LAWS(ORI)-1970-2-5

SAKUNTALA DASI Vs. KUSUM KUMARI SARKAR

Decided On February 18, 1970
SAKUNTALA DASI Appellant
V/S
KUSUM KUMARI SARKAR Respondents

JUDGEMENT

(1.) THESE two applications have been filed by one Sakuntala Dasi who was the applicant and the opposite party respectively in two probate proceedings registered as O. S. No. 16 of 1965 and O. S. No. 25 of 1966 in the Court of the District Judge, Cuttack.

(2.) ONE Adhar Chandra Sarkar owned some properties located in the town of Cuttack and at Sundergarh. He died on 5-6-62. Kusum Kumari Dasi who features as the opposite party in these revisions was admittedly the wife of Adhar. Sakuntala, the petitioner, claims to be the second wife. Her status as wife, however, is not admitted by Kusum Kumari. It is alleged that Adhar left two Wills -one executed on 5-4-62 which is a registered document and the other dated 23-5-62 which is unregistered. Sakuntala, the petitioner applied for probate of the registered Will. Her application has been registered as O. S. No. 16 of 1965. Kusum Kumari similarly applied for probate of the unregistered will and her application has been registered as O. S. No. 25 of 1966. O. S. No. 16 of 1965 was filed on 4-11-64 while O. S. 25 of 1966 on 9-8-65. The two Wills have already been exhibited in the proceedings. The registered Will is marked as Ext. 2 and the unregistered Will as Ext. C.

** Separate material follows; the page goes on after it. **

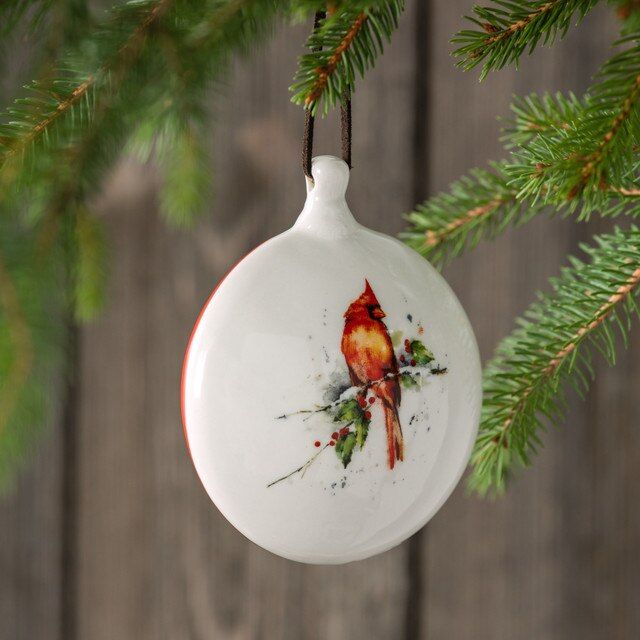 Ceramic Cardinal and Holly Disc Ornament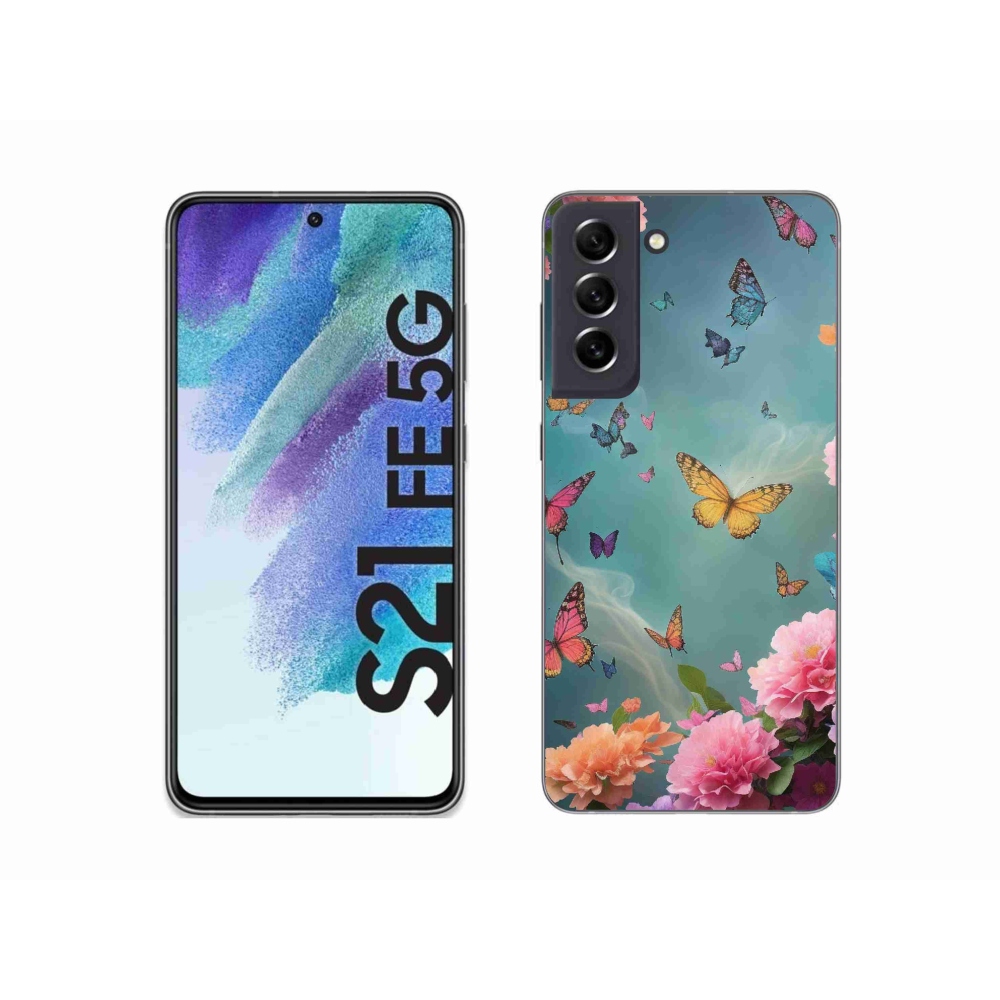 Gélový kryt mmCase na Samsung Galaxy S21 FE 5G - farebné kvety a motýle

(3.) THERE is no doubt that the present petitioner who had applied in the court below for probate must be equated with that of a plaintiff in a regular suit. While it is true that in such cases where the applicant is an executor or executrix, a duty is cast on such person to have the will probated, there is no method prescribed under the law to compel such person to take steps for probating the will. The question is once she has made the application, has the position so changed that a compulsion can be attached to make her continue the proceeding? According to the learned District Judge once the proceeding has commenced, on the principle that a duty is cast on the court to determine about the due execution and attestation of the will the proceeding cannot stop and must be continued and the person who has initiated the proceeding cannot withdraw. I hardly find any support for such a proposition. If whether to apply for probate or not was within the option of the petitioner, whether to continue or not the application would be equally within her option. On the principle that the plaintiff is dominus litis in a litigation the matter must be left to his charge, otherwise the court would be assuming a burden which it would in many cases find difficult to discharge. Let us consider for instance a case where an application for probate is made. For reasons best known to the petitioner he does not continue the case. Normally such a case would go by default. But on the principle that the court has the burden to determine the genuineness of the will if the court is required to proceed and the petitioner no more appears and nobody appears to oppose the proceeding by entering caveat, in what helpless position the court would be lefts? Let us also visualise another case where the petitioner no more appears though once he had applied for the probate but certain persons enter caveat and oppose the probate. THERE may be also a case where the petitioner continues the proceeding ex parte. If without the assistance of any party the court is called upon to continue the determination by itself it would be an arduous job and on many occasions the conclusion is likely to be contrary to what may have appeared to be the truth if the case had been properly contested.